De son « passé » d’auteur de roman noirs, l’auteur garde l’habileté dans la construction qui, enquête ou pas, crée un suspense et donne envie de continuer pour savoir ce qui va (ou c’est) passé. Comme dans ses romans précédents il construit son puzzle, pièce après pièce, voix après voix, ne laissant se dessiner le tableau complet qu’à la fin.

Pour le fond, les thèmes familiers reviennent : le rapport à la nature, le deuil, la fidélité et la trahison en amitié, en amour et envers des idéaux. Ils sont traités avec la sensibilité et le tact habituels. Les amateurs de Pascal retrouveront ici l’auteur qu’ils aiment, et ceux qui ne jurent que par la littérature blanche auront peut-être l’occasion de découvrir un auteur qu’ils ne seraient pas allés chercher en noire.

Pascal Dessaint / Maintenant le mal est fait, Rivages (2013).

Attention ça pique !

Après le magnifique et éprouvant Les derniers jours d’un homme, Pascal Dessaint avait sans doute besoin d’espace, d’air pur et d’un peu de détente. Il a trouvé tout cela avec Le bal des frelons. Mais attention, l’air pur peut se révéler vicié, et la détente être un poil grinçante …

Un village paisible au pied de la montagne ariégeoise. Il y a là Michel, le maire, pas toujours très net ; Maxime l’apiculteur ; Antonin le retraité (ancien maton) ; Rémi, un peu « bizarre » qui parle à ses deux poules et à son amie, morte depuis quelques temps ; Coralie, la secrétaire du maire, vieille fille qui voudrait mais n’ose pas ; Martine l’épouse d’Antonin. Il y a aussi des frelons asiatiques, un ours, un hérisson, les abeilles, les poules de Rémi … Un village paisible donc. En apparence. Car comme ailleurs pouvoir, argent et sexe mènent la danse. Un danse mortelle

Retour dans le sud-ouest donc pour Pascal Dessaint. Mais pas encore à Toulouse. Comme pour son Poulpe, il plante sa plume dans les montagnes ariégeoises. Avec délectation, humour et une bonne dose de méchanceté (pas toujours) tendre. Une vraie hécatombe que ce bal des frelons, et les frelons en question ne sont pas forcément ceux que l’on croit. Un roman choral comme il les aime, parfaitement maîtrisé, grinçant et réjouissant.

L’occasion aussi de râler, une fois encore, contre les quatrièmes de couverture. Il y est dit que cette « farce drôle et cruelle » (ça c’est vrai), « rappelle Siniac » (pas mal trouvé) « ou le Charles Williams de Fantasia chez les ploucs ». Là, deux hypothèses. Soit je n’ai rien compris au roman, soit celui (ou celle) qui a pondu cette comparaison n’est pas allé plus loin que le titre du roman de Charles Williams. Ce n’est pas parce que Le bal des frelons se déroule effectivement « chez les ploucs » et qu’il s’y passe de drôles de choses que les deux romans ont un rapport ! Car ils n’en ont aucun.

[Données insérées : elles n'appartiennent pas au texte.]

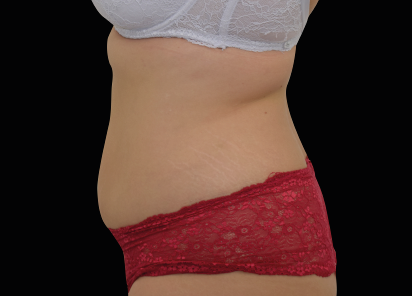 Bölgesel zayıflama sonrası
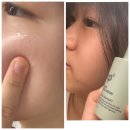 늘어진 모공 탄력 있게 좁히기, 모공 고민 한 번에 타파! SNP 클린포어 타이트닝 세럼 내돈내산 솔직 후기
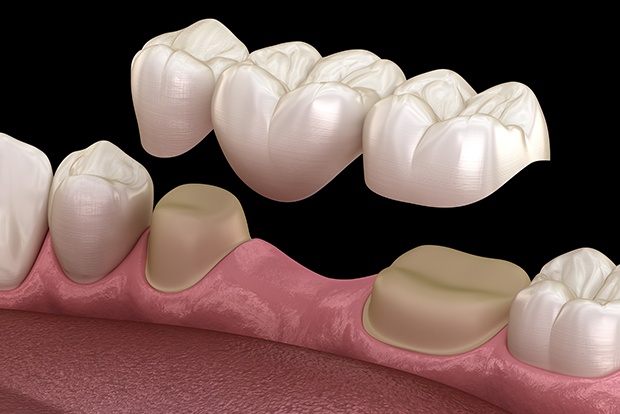 Animated smile during dental bridge placement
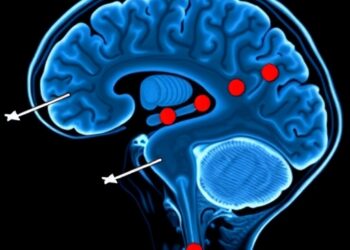 Deep Learning Detects REM Sleep Disorder and Parkinson’s Early via fMRI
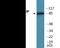 ATR Interacting Protein antibody, EKC2189, Boster Biological Technology, Western Blot image 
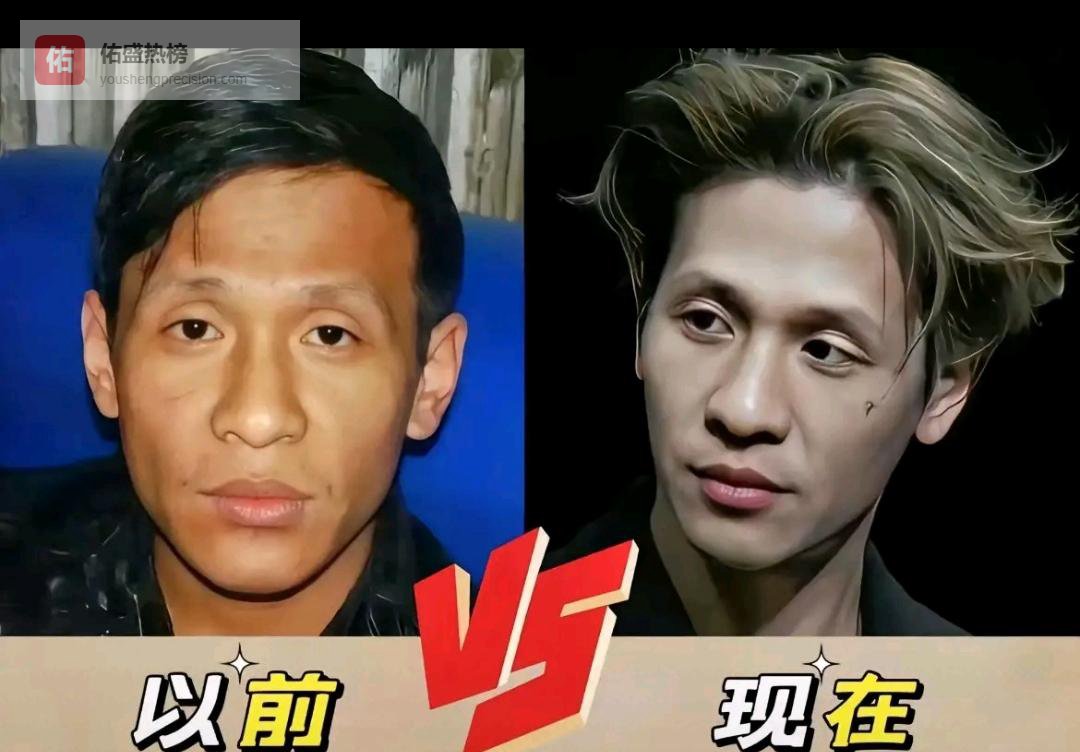 600刀植眉上热搜，宋小宝把医美坦白局说成脱口秀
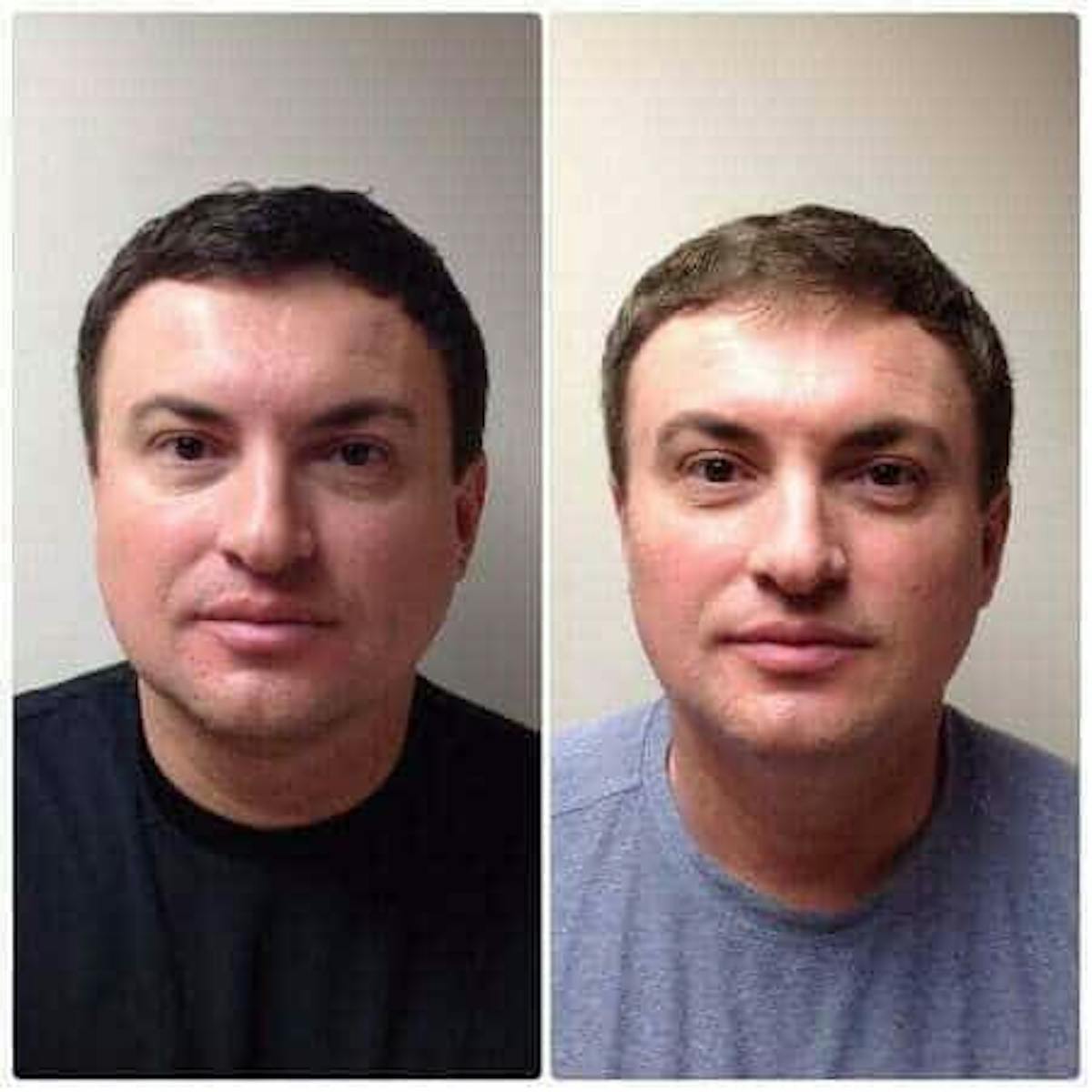 Non-Surgical Fat Reduction Before & After Gallery - Patient 155913 - Image 1
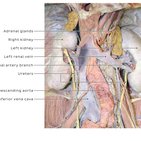 Clinical case: Horseshoe kidney transplantation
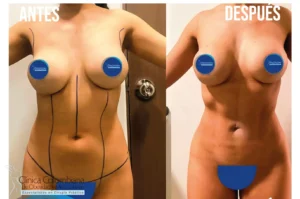Comparativa de abdomen frontal mostrando lipolisis laser resultados de definición.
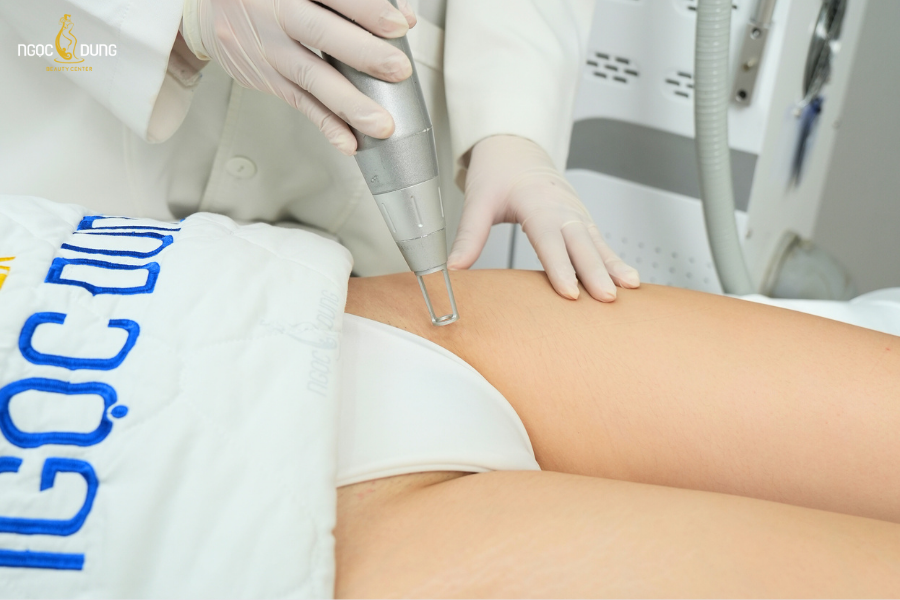 Triệt lông bằng công nghệ New E-Light làm suy yếu nang lông hiệu quả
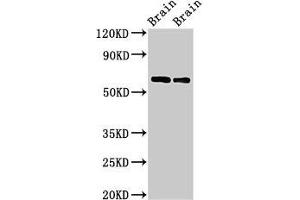 Western Blot Positive WB detected in: Rat brain tissue, Mouse brain tissue All lanes: CPNE4 antibody at 2 μg/mL Secondary Goat polyclonal to rabbit IgG at 1/50000 dilution Predicted band size: 63, 65 kDa Observed band size: 63 kDa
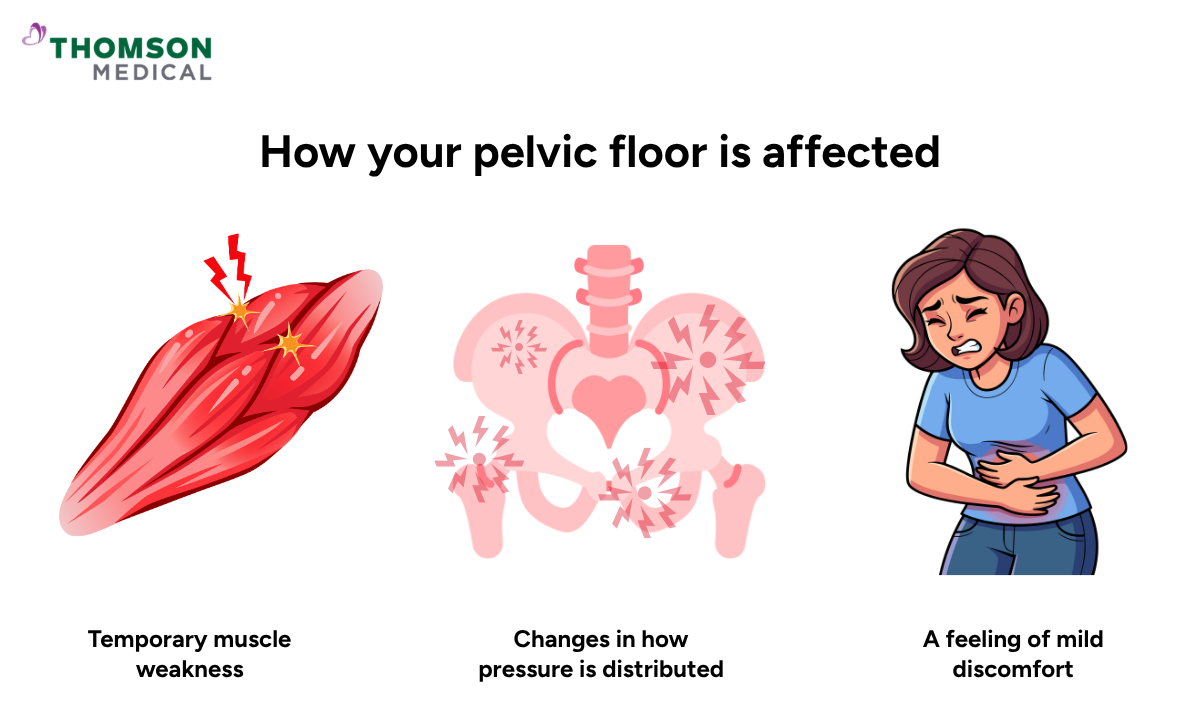 Illustration of how your pelvic floor is affected
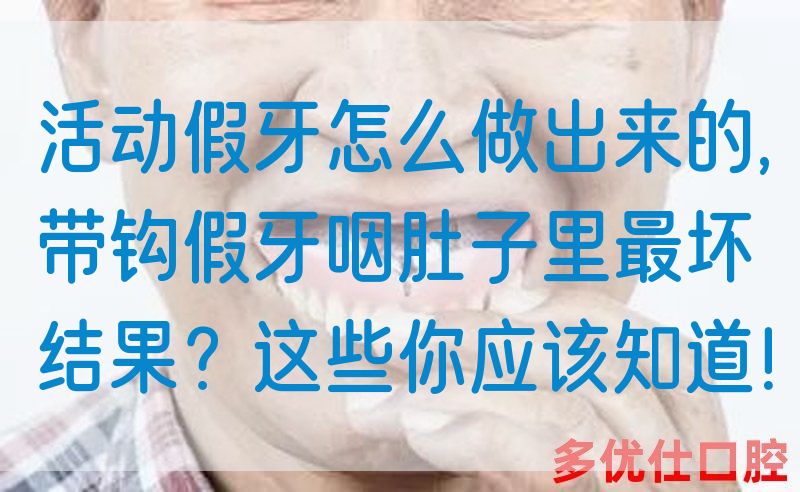 活动假牙怎么做出来的,带钩假牙**子里最坏结果？这些你应该知道！(图1)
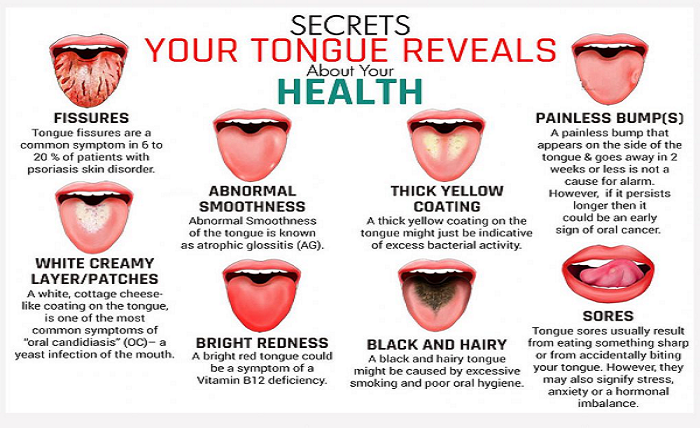 tongue health chart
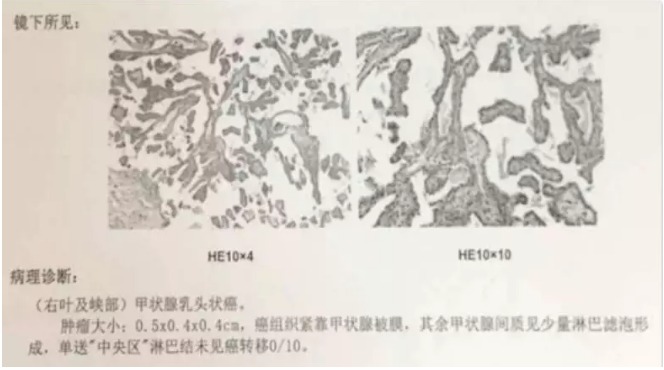 別慌，甲狀腺疾病還可以這樣投保！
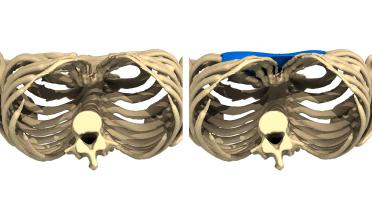 Woman - Pectus Type 5 -2 years later - 3D view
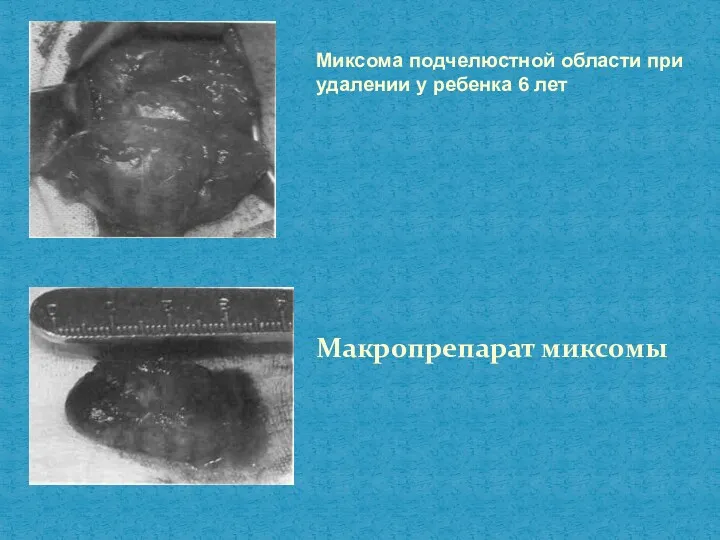 Миксома подчелюстной области при удалении у ребенка 6 лет Макропрепарат миксомы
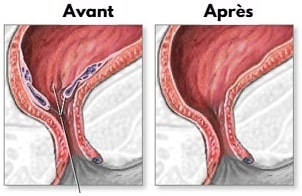 Témoignage : Comment j’ai dit Adieu aux Hémorroïdes en 3 Semaines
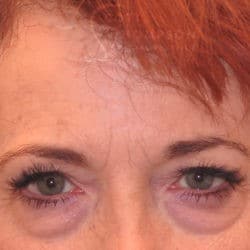 Before Image: Upper Eyelid Surgery | Lower Eyelid Surgery with Fat Repositioning – 699 - front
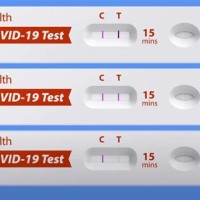 How To Read Mychart Cvs Covid Test Results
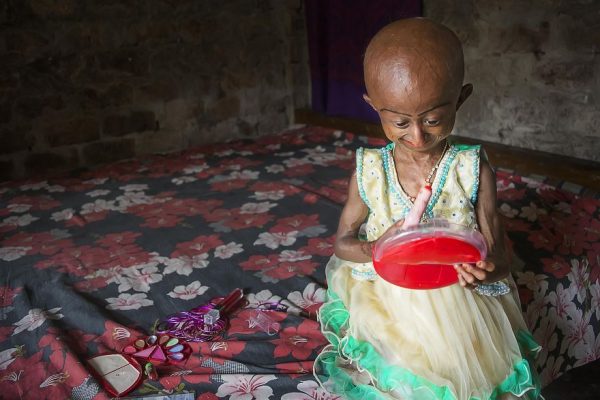 โรคชราในเด็ก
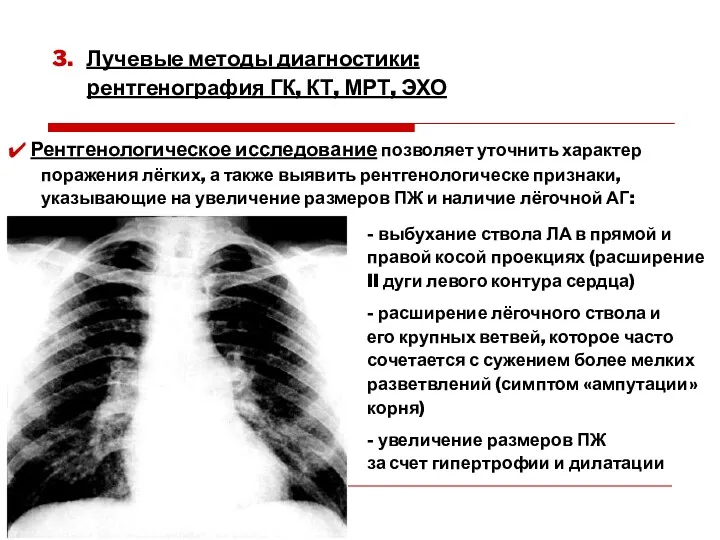 3. Лучевые методы диагностики: рентгенография ГК, КТ, МРТ, ЭХО -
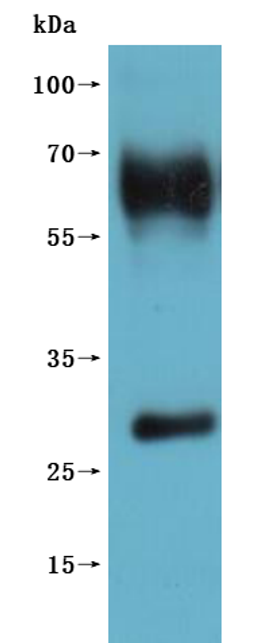 CSB-MP860774HU is detected by Mouse anti-6*His monoclonal antibody.(This tag can be tested only under denaturing conditions.)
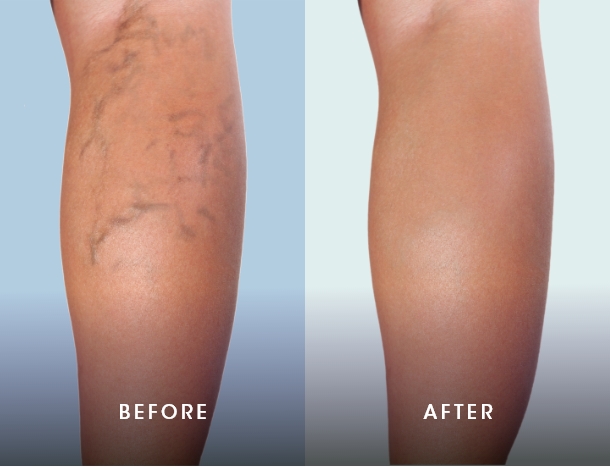 varicose veins results - 1 before after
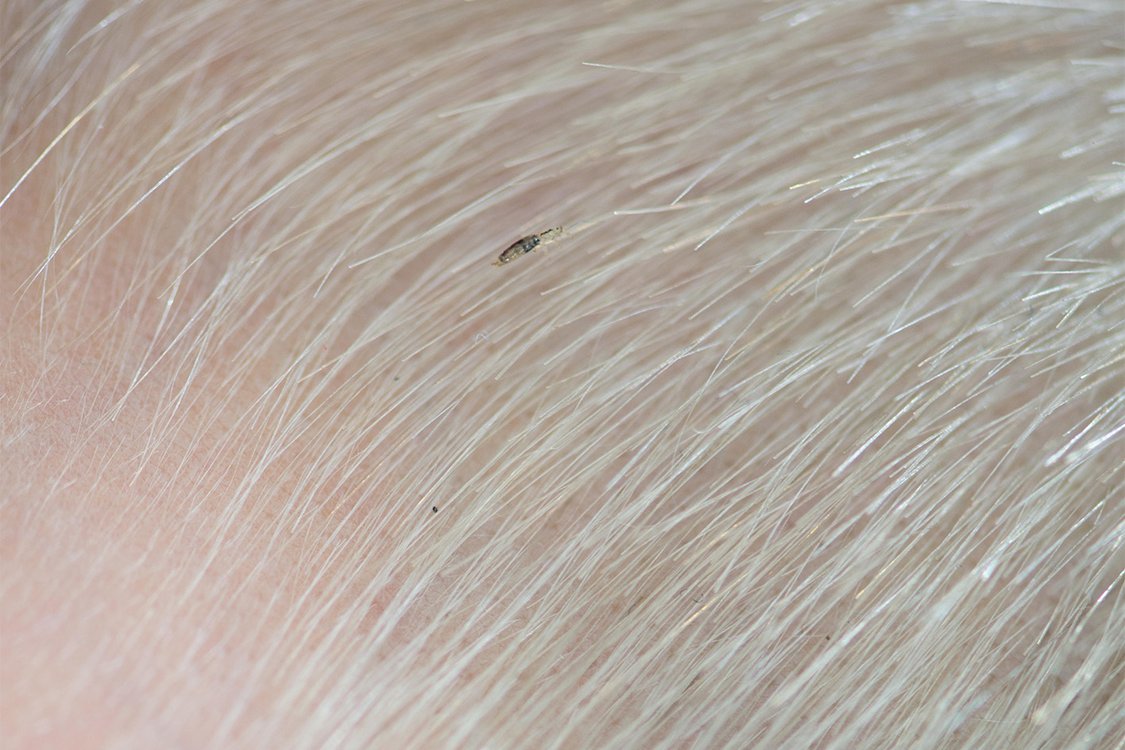 Head lice and nits NHS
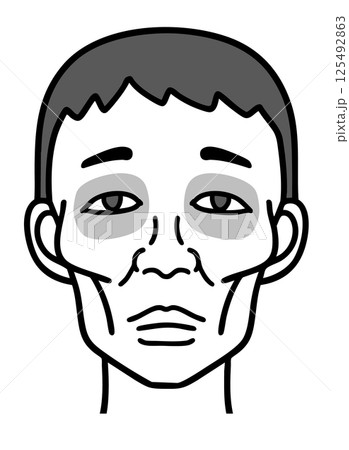 ヒポクラテス顔貌、痩せた男性の顔、白黒 125492863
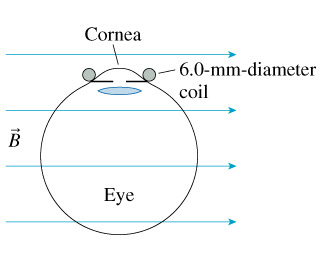 Cornea 0-6.0-mm-diameter coil O Eye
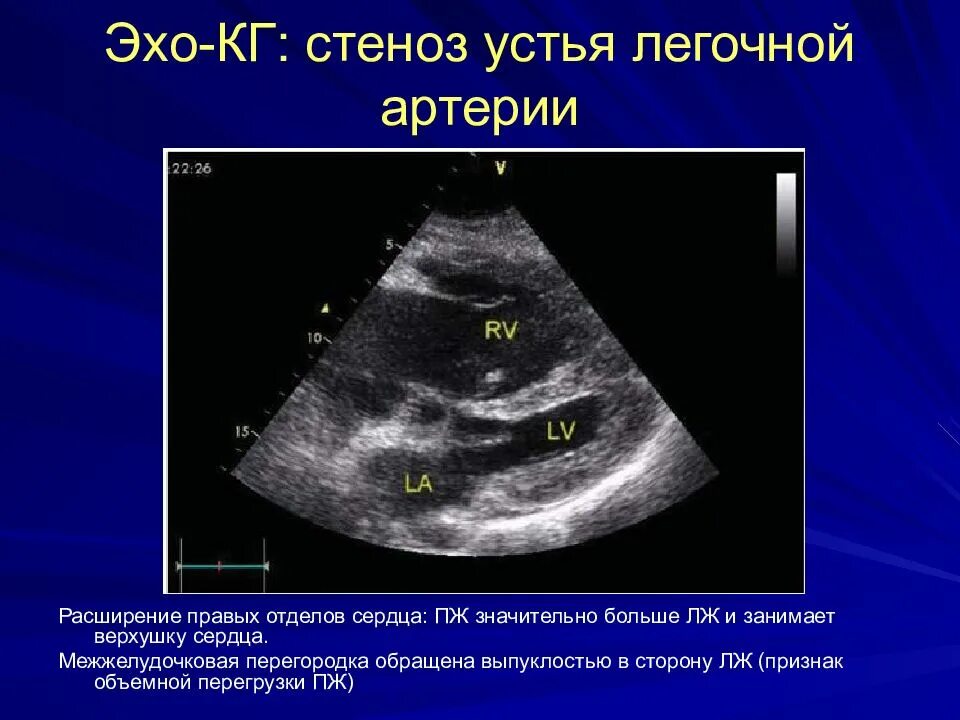Дилатация правых отделов. Стеноз легочного клапана ЭХОКГ. Аортальная недостаточность эхокардиография. Подклапанный стеноз легочной артерии на ЭХОКГ. Стеноз легочной артерии у детей ЭХОКГ.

Fantasia est très drôle, on y éclate de rire sans restriction, il tire son humour du regard décalé du narrateur (un enfant qui ne comprend pas forcément tout) et utilise toutes les ressources du quiproquo et du burlesque. Toujours drôle, jamais grinçant ou pessimiste, on est dans le registre de la grosse farce (grosse mais subtilement amenée) et ça marche. Si on voulait absolument trouver une analogie américaine à ce bal ariégeois, c’est plutôt du côté de l’humour très noir et de la vision pessimiste de la nature humaine de 1275 âmes qu’il faudrait aller chercher (même si la structure narrative n’a rien à voir).

Ceci dit, je râle, mais cela n’enlève rien au roman. Après tout, être comparé à Pierre Siniac et Jim Thompson, il y a pire, surtout quand on tient le choc de la comparaison.

Pascal Dessaint / Le bal des frelons, Rivages/Thriller (2011).